Investors shun big casual dining brands for smaller restaurant concepts

Friska store

Smaller restaurant concepts bidding to scale from 10 to 30 sites stand more chance of attracting private equity investment than larger, more established operators targeting 100 sites, a new report claims.

Large-scale M&A has been limited during 2017, with private equity notably more cautious on the sector than in recent years.
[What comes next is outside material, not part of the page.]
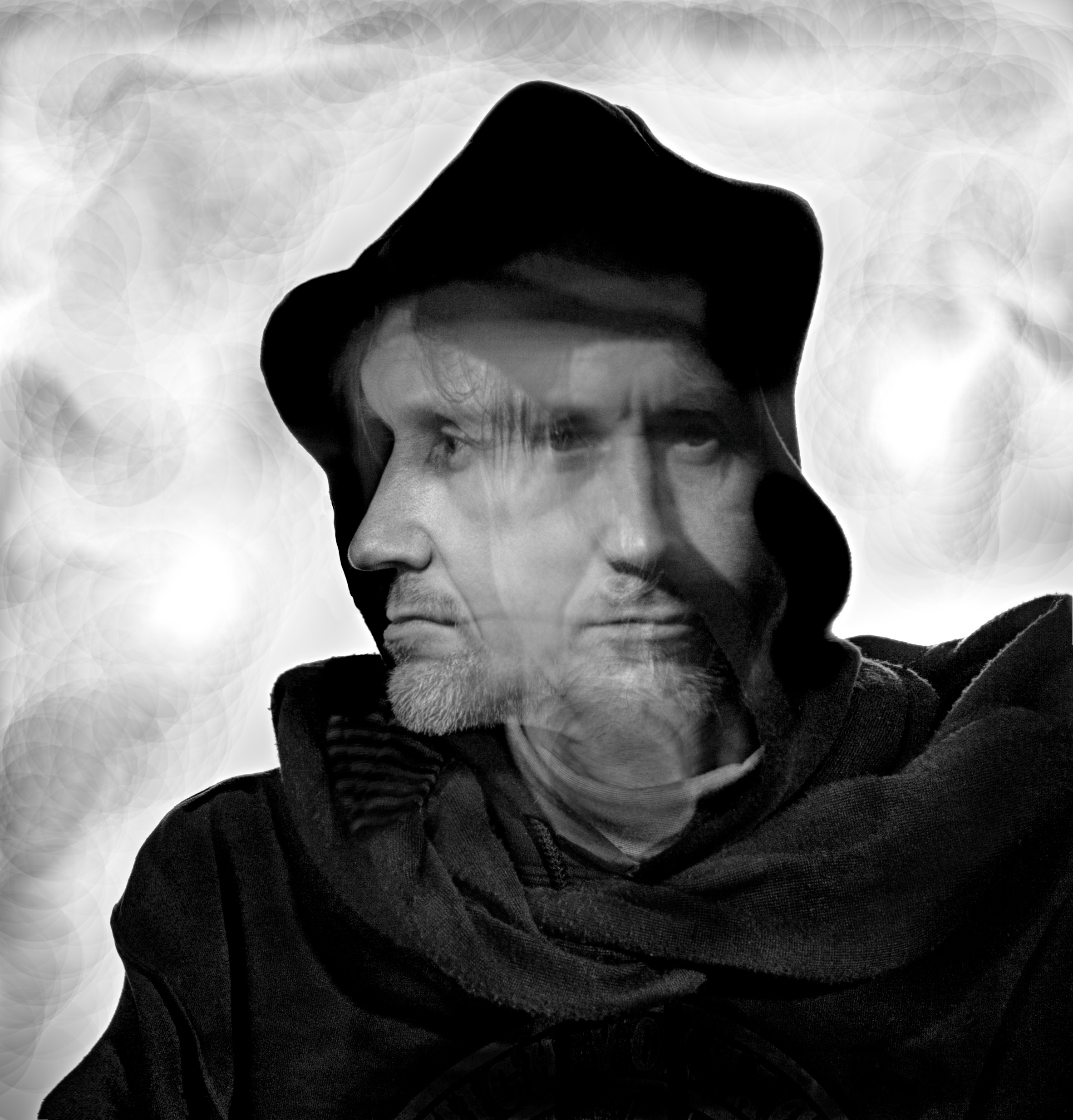 Съемки для медиа. Евгений Левитан-Военский, портретный фотограф в Москве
And according to business advisory firm BDO, this has led investors to rethink their objectives.

“The challenge of taking a 50-site casual dining business to 80-100 sites is perhaps not as attractive in the current environment as it was a year ago,” said M&A director Tom Barnard in the company’s latest Restaurants & Bars Report. “We are seeing investors increasingly attracted to smaller restaurant brands. Taking relatively new concepts from 10 to 30 sites is certainly being viewed as less risky than trying to grow mature brands from 60 to 100.”
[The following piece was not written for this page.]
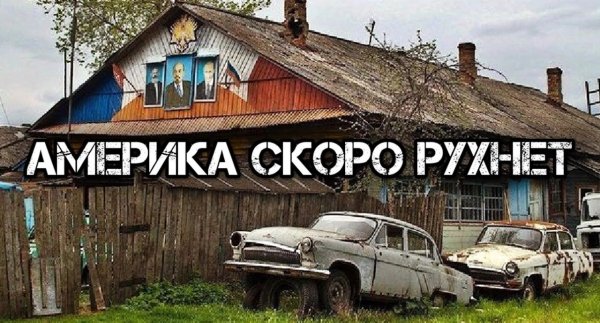 file_89607324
Private equity investors’ interests lie in differentiated, scalable concepts with attractive value propositions. Smaller brands with fewer than 20 stores and clear roll-out stories remain most appealing.
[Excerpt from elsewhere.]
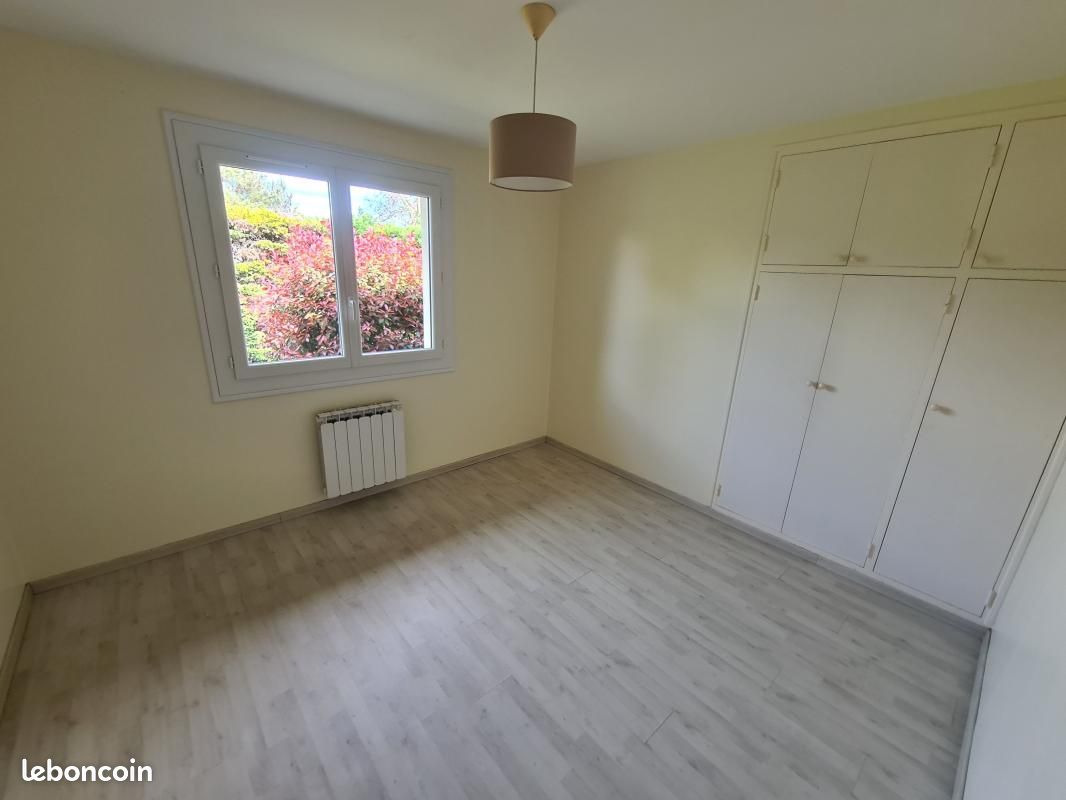 Maison 5 pièces 112 m² - Carcen-Ponson 40400 (image principale 7)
Investors face a highly competitive environment in their search for the best operators. This was evident in the significant interest generated in the Flat Iron and Caravan processes this year, which secured backing from Piper and Active respectively, said Mr Barnard.

“Active’s backing of new fast casual concept CHIK’N, demonstrates the investor interest even ‘pre-concept’. The increasing popularity of chicken and continued trend towards ‘premiumisation’ make the investment thesis stack-up no doubt. 2017 has also seen Barworks invest in Indian street food concept Rola Wala and Imbiba invest in private members’ club Purple Dragon. The club caters for the whole family, appeals strongly to consumers and, with only one site open to date, is ripe for expansion.”

BDO also cited reports which suggest more processes are underway. Cocktail bar Be At One, Liverpool based Indian street food concept Mowgli and Bristol-based healthy eating concept Friska (main image) are all expected to transact in the second half of 2017.

At the larger end of the scale, healthy fast food chain Leon raised a further £25m from Swiss PE firm Spice to assist the business with its plans to expand overseas as well as increase its presence domestically, while US-based TSG Consumer Partners acquired 22% of Scottish brewery and pub chain Brewdog.